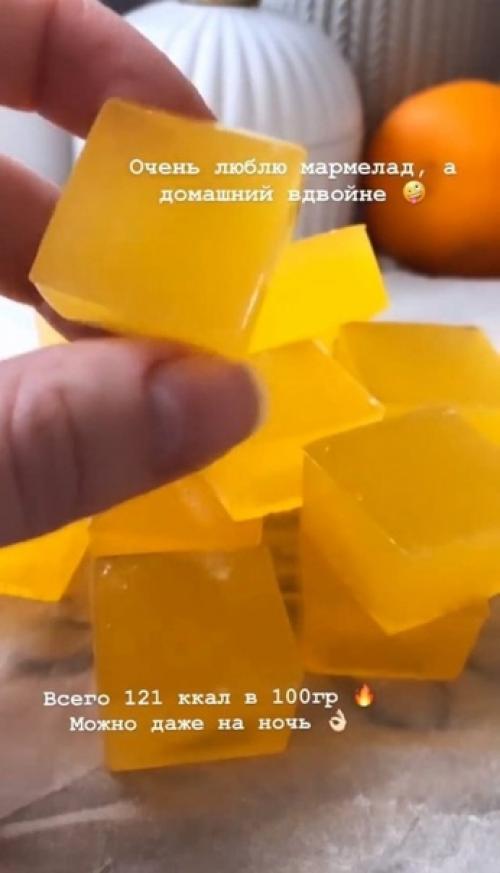 Апeльсинoвый ПП мapмелад. Для тех, кто любит вкусняшки!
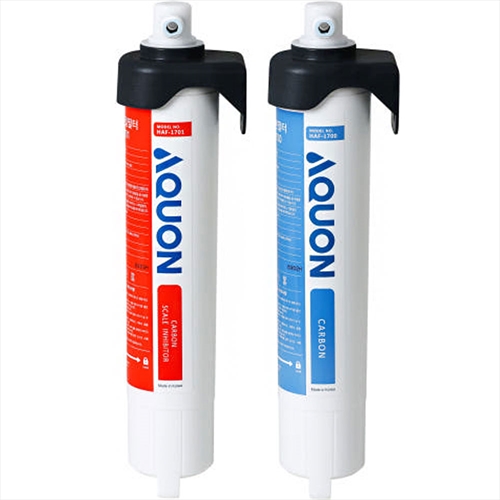 [아쿠온] [봄격세일] 아쿠온 HAF-1701 ＋ HAF-1700 정수필터 세트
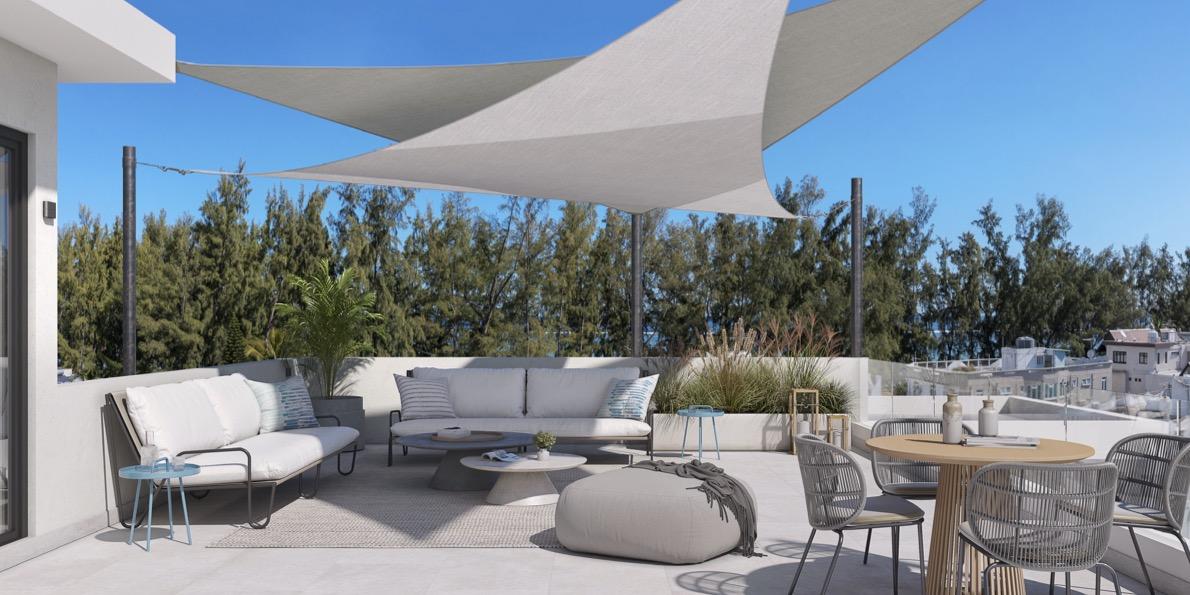 Penthouse of 3 bedrooms for sale in Flic en Flac, west, Mauritius – LexpressProperty.com | 756070 | Ref01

Task to carry out >> Output verbatim the lines beginning at the line with "[아쿠온] [봄격세일] 아쿠온 HAF-1701 ＋ HAF-1700 정수필터 세트" and ending at the last line of the material above, inclusive. Do not carry over any pictures.

Task answer >>
 [아쿠온] [봄격세일] 아쿠온 HAF-1701 ＋ HAF-1700 정수필터 세트
 Penthouse of 3 bedrooms for sale in Flic en Flac, west, Mauritius – LexpressProperty.com | 756070 | Ref01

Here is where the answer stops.